Re: [PATCH bpf-next 5/6] libbpf: support libbpf-provided extern variables

[Date Prev][Date Next][Thread Prev][Thread Next][Date Index][Thread Index]

 



On Wed, Nov 20, 2019 at 4:18 PM Alexei Starovoitov
<alexei.starovoitov@xxxxxxxxx> wrote:
>
> On Wed, Nov 20, 2019 at 02:47:58PM -0800, Andrii Nakryiko wrote:
> >
> > Given all this, I think realistically we can pick few combinations:
> >
> > 1. Only support int/hex as uint64_t. Anything y/n/m or a string will
> > fail in runtime.
> > Pros:
> >   - we get at least something to use in practice (LINUX_KERNEL_VERSION
> > and int CONFIG_XXXs).
> > Cons:
> >   - undefined weak extern will have to be assumed either uint64_t 0
> > (and succeed) or undefined string (and fail). No clearly best behavior
> > here.
>
> what that uint64 going to be when config_ is defined?
> If your answer is 1 than it's not extensible.

Let's say we have

extern __attribute__((weak)) uint64_t CONFIG_VALUE;

Now let's see how different possible configs will behave:

.config                         uint64_t value
CONFIG_VALUE=123            =>  123
CONFIG_VALUE=y              =>  1
CONFIG_VALUE="abc"          =>  libbpf error (assuming no string support)
# CONFIG_VALUE not defined  =>  0

>
> >   - no ability to do "feature detection" logic in BPF program.
> > 2. Stick to uint64_t for bool/tristate/int/hex. Don't support strings
> > yet. Improve in backwards compatible way once we get BTF type info for
> > externs (adding strings at that time).
> > Pros:
> >   - well-defined and logical behavior
> >   - easily extensible once we get BTF for externs. No new flags, no
> > changes in behavior.
>
> extensible with new flag == not extensible.

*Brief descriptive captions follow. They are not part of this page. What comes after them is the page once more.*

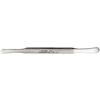 Élévateurs chirurgicaux – Seldin 23 périostique, manche rectangulaire plat, double extrémité - Surgical Elevators – 23 Seldin Periosteal, Flat Rectangular Handle, Double End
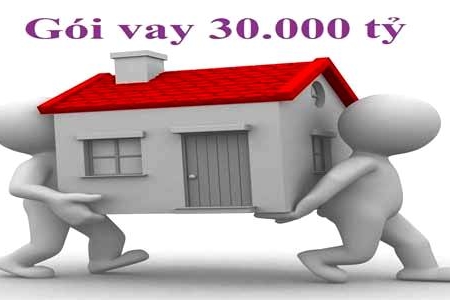 Sau ngày 31/12, gói 30.000 tỷ sẽ khép lại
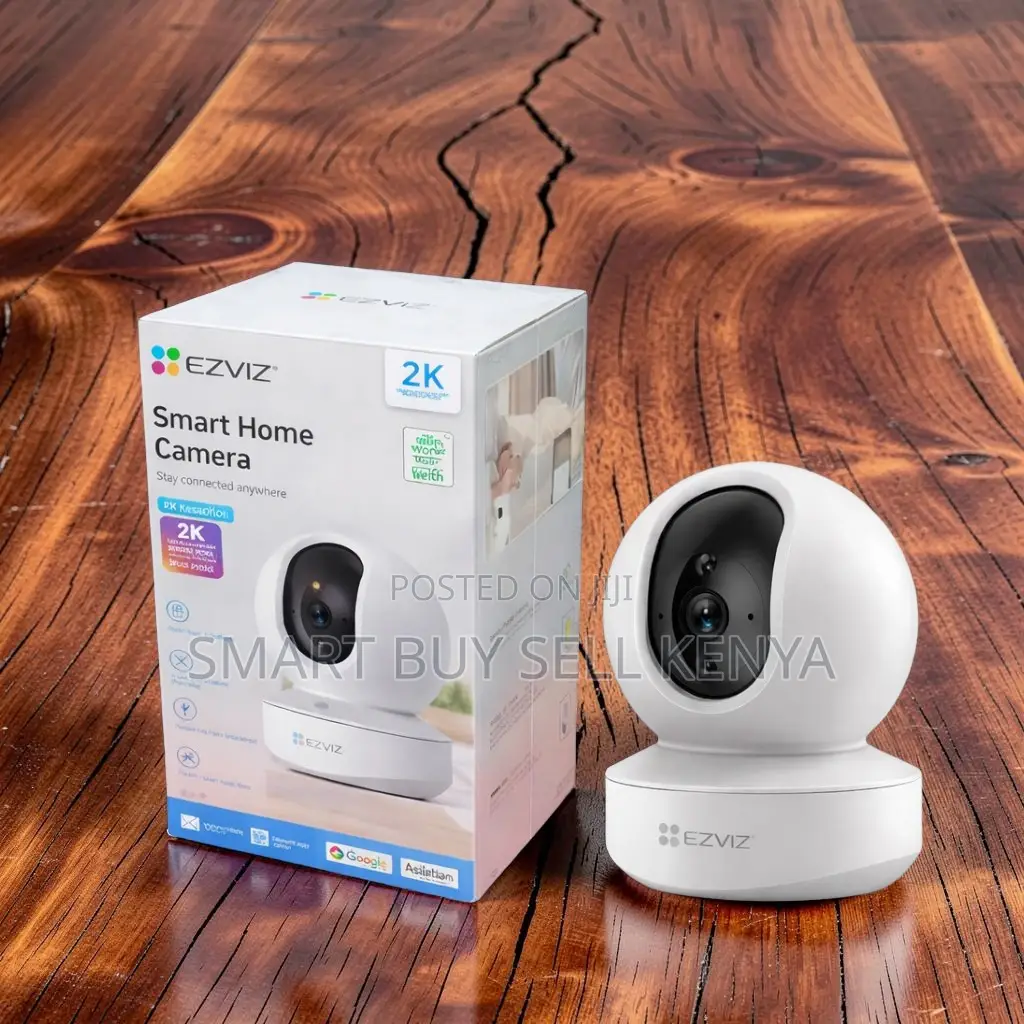 Ezviz Ty1 Pro 1080p Real-Time Surveillance Smart Camera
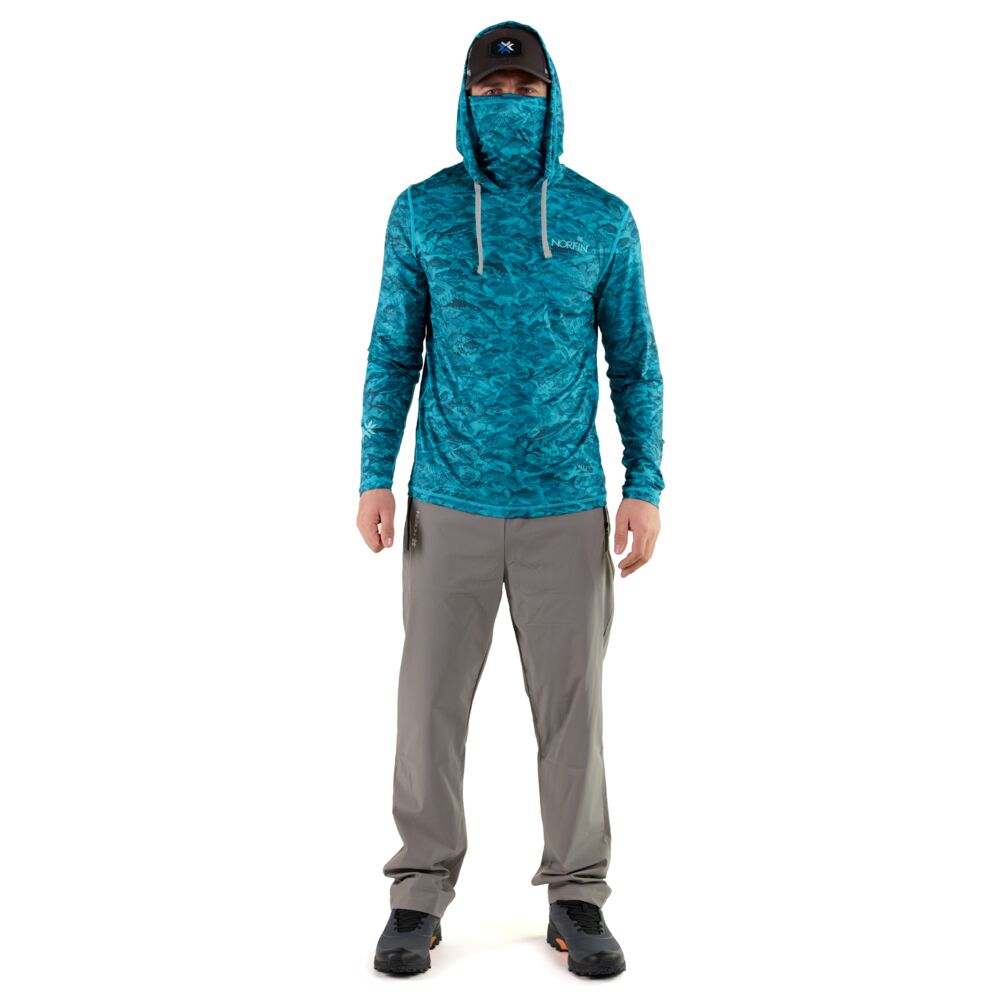 Штаны Norfin SUN PRO RELAX 02 р.M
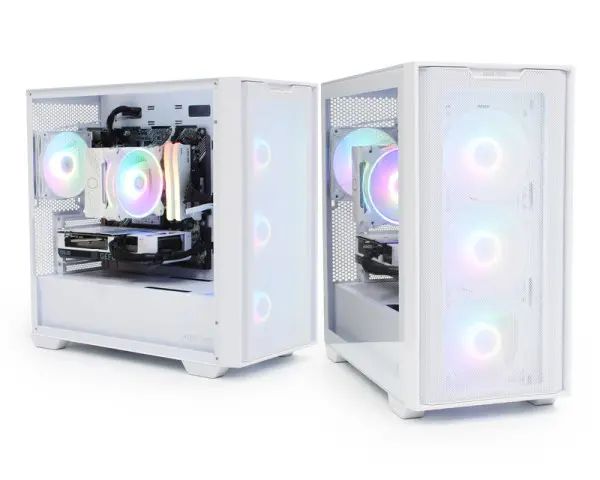EWE PC  AMD GAMING računar Ryzen 7 5700X32GB1TBRTX4060 8GB (8)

please re-read two lines you just quoted: **"No new flags, no changes
in behavior"**.
So extensible by your definition.

> The choices for bpf program that we pick for extern must keep working
> when llvm starts generating BTF for externs.

Agree and that's what I'm claiming: they are going to work.

>
> > My preferences would be 2, if not, then 1.
>
> I'm proposing something else.
> I see libbpf as a tool to pass /boot/config.gz into bpf program. From program
> pov CONFIG_FOO is a label. It's not a variable of type u8 or type u64.

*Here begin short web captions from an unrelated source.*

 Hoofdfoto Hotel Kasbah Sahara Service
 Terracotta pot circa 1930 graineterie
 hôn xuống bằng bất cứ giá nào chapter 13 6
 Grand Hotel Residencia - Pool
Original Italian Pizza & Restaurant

This is not true for usage of CONFIG_XXX values in kernel code. Why
would we have a completely different semantics for BPF programs? When
kernel code does:

int sec = jiffies * CONFIG_HZ;

CONFIG_HZ is not just a label pointing to raw string representation of
100 or 1000, it **IS** a number 1000. You cannot multiply strings in
C, yet you can multiply CONFIG_HZ.

> Example:
> CONFIG_A=100
> CONFIG_B=y
> CONFIG_C="abcd"
> will be a map of one element with value:
> char ar[]= { 0x64, 0, 0, 0, 'y', 'a', 'b', 'c', 'd', 0};
>
> CONFIG_A = &ar[0];
> CONFIG_B = &ar[4];
> CONFIG_C = &ar[5];
>
> libbpf parses config.gz and converts all int/hex into 4 byte or 8 byte
> integers depending on number of text digits it sees in config.gz
> with alignment. All other strings and characters are passed as-is.
> If program says
> extern u8 CONFIG_A, CONFIG_B, CONFIG_C;
> It will read 1st byte from these three labels.
> Later when llvm emits BTF those u8 swill stay as-is and will read the same
> things. With BTF if program says 'extern _Bool CONFIG_B;' then it will be an
> explicit direction for libbpf to convert that CONFIG_B value into _Bool at
> program load time and represent it as sizeof(_Bool) in map element. If program
> says 'extern uint32_t CONFIG_C;' the libbpf will keep first 4 bytes of that
> string in there. If program says 'extern uint64_t CONFIG_C;' the libbpf will
> keep first 4 character plus one byte for zero plus 3 bytes of padding in map
> element.

This set of rules is not consistent, if I interpret what you are
saying correctly.

.config            extern definition              w/o BTF             w/ BTF

CONFIG_VALUE=y     extern bool CONFIG_VALUE;      {'y'}
true             -- change in behavior
CONFIG_VALUE=100   extern uint32_t CONFIG_VALUE;  {0x64, 0, 0, 0}
{0x64, 0, 0, 0}  -- no change, because we parse ints
CONFIG_VALUE="abc" extern uint32_t CONFIG_VALUE;  {'a', 'b', 'c', 0}
??? still {'a', 'b', 'c', 0}? or error?

So for bools we'll start interpreting 'y' as 1 (true), but only when
we get BTF. Even though we can clearly parse y/n today as 1 (true) or
0 (false).

For integers, nothing changes and uint32_t means "I want parsed
integer and at most 4 lower bytes on little-endian or 4 upper bytes on
big-endian". Though we might want to reject it with BTF info, if it
doesn't fit into 32 bits (because now we can?).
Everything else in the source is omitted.